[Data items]
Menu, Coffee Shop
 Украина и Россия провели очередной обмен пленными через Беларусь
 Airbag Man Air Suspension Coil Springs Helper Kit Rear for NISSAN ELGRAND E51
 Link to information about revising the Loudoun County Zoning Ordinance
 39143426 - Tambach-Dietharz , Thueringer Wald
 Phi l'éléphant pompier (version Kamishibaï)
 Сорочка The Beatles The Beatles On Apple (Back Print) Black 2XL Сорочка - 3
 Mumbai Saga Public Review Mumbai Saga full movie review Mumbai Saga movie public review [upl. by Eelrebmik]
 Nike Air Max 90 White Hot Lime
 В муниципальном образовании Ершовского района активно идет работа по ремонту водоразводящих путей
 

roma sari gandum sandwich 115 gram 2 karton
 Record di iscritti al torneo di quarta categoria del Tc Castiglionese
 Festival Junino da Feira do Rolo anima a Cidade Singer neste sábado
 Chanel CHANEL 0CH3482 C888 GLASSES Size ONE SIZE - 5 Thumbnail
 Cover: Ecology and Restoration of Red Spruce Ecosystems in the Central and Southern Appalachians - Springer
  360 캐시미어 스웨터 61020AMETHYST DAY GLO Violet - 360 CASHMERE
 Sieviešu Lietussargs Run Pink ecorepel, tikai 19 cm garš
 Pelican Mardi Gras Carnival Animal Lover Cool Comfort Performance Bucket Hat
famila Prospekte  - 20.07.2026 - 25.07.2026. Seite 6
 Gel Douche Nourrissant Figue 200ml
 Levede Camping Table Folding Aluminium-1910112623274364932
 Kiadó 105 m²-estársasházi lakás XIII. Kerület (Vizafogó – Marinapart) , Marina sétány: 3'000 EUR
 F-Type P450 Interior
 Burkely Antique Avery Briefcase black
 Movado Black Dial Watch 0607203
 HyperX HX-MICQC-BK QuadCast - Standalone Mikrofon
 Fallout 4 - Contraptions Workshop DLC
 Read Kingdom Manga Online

## Task requirements
Nothing should appear in the output except the lines from the one with "Mumbai Saga Public" through the end of the records above, copied exactly.

## Written response
 Mumbai Saga Public Review Mumbai Saga full movie review Mumbai Saga movie public review [upl. by Eelrebmik]
 Nike Air Max 90 White Hot Lime
 В муниципальном образовании Ершовского района активно идет работа по ремонту водоразводящих путей
 

roma sari gandum sandwich 115 gram 2 karton
 Record di iscritti al torneo di quarta categoria del Tc Castiglionese
 Festival Junino da Feira do Rolo anima a Cidade Singer neste sábado
 Chanel CHANEL 0CH3482 C888 GLASSES Size ONE SIZE - 5 Thumbnail
 Cover: Ecology and Restoration of Red Spruce Ecosystems in the Central and Southern Appalachians - Springer
  360 캐시미어 스웨터 61020AMETHYST DAY GLO Violet - 360 CASHMERE
 Sieviešu Lietussargs Run Pink ecorepel, tikai 19 cm garš
 Pelican Mardi Gras Carnival Animal Lover Cool Comfort Performance Bucket Hat
famila Prospekte  - 20.07.2026 - 25.07.2026. Seite 6
 Gel Douche Nourrissant Figue 200ml
 Levede Camping Table Folding Aluminium-1910112623274364932
 Kiadó 105 m²-estársasházi lakás XIII. Kerület (Vizafogó – Marinapart) , Marina sétány: 3'000 EUR
 F-Type P450 Interior
 Burkely Antique Avery Briefcase black
 Movado Black Dial Watch 0607203
 HyperX HX-MICQC-BK QuadCast - Standalone Mikrofon
 Fallout 4 - Contraptions Workshop DLC
 Read Kingdom Manga Online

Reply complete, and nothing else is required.